I have always admired Wordsworth’s attempt to achieve the lightness of a Keats poem in this ode. He tries desperately to rise weightless, and fails boldly, like an elephant thinking it is an eagle. 

(Parenthetically, I think skylarks have so much poetic press just because of their name. In nature, they are hardly the most ethereal or lofty of birds.)



5.24.2021

A YEAR IN POEMS 5/24/2021

 

“At the time that turned the heat of the earth,
At the time when the heavens turned and changed,
At the time when the light of the sun was subdued
To cause light to break forth,
At the time of the night of Makalii (winter)
Then began the slime which established the earth,
The source of deepest darkness.
Of the depth of darkness, of the depth of darkness,
Of the darkness of the sun, in the depth of night,
                                It is night,
                                So was night born

Queen Lili’uokalani, “Kumulipo”  

A beautiful, stirring version of the Hawai’ian creation story, made more full of pathos by the historical reality of Queen Lili’uokalani’s personal tragedy. The web posting has the poem in native Hawai'ian and it is even more haunting with it's mesmeric repeated sounds, likes the waves crashing on the ocean shore.



5.22.2021

ON A DEAD TREE

 

 

“A draft brings sway to
Brittle leaves,
Curled limbs of gray
Death-dancing in its light breath:
Ribs exposed, an umbrella
Broken reaching for the canopy.

Small buds glistened once on
Delicate supple fingers
Cavorting with the green and red surround:
The whisper of life-
Shuffling, striving for the
Blue-polished sky.

Winter seized the playful boughs
Too sudden to elude
Too swift to understand:
The hollow, from tip
To root, dancing now with
The memory of life.”

K Mankin, “On a Dead Tree”:

Yesterday, arborists removed the sweet Japanese Maple from beneath my study window. This poem is about the illusion of permanence.



5.21.2021

A YEAR IN POEMS 5/20/2021


 

Ah, Fans, let not the Quarry but the Chase
       Be that to which most fondly we aspire!
For us not Stake, but Game; not Goal, but Race—
      THIS is the end of every fan’s desire.

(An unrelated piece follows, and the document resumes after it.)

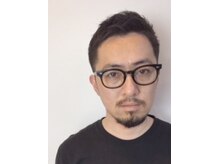 ドラマ(DORAMA)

Franklin P Adams, “A Ballad of Baseball Burdens”

    I cheated on this one. Started in the last stanza to get the gist and substance. The whole is a wonderful litany of baseball names and sounds of times past by a newspaper columnist (who says columns are not a form of poetry?).  I love the mock-ballad structure and tone of this piece and the way Adams incorporates the sounds of fandom (Else you shall feel the brunt of fandom’s ire/ Biff, bang it, clout it, hit it on the knob”).


5.20.2021

A YEAR IN POEMS 5/20/2021

 

“Come, my Celia, let us prove,
While we can, the sports of love;
Time will not be ours forever;
He at length our good will sever.”

Ben Jonson “Song to Celia” 

Not his most famous Song to Celia, but an interesting and somewhat bleak version, redolent with whispers of mortality. The opening echoes Marlowe’s “Passionate Shepherd” to a degree that you wonder if this poem is in part a response to Marlowe’s death.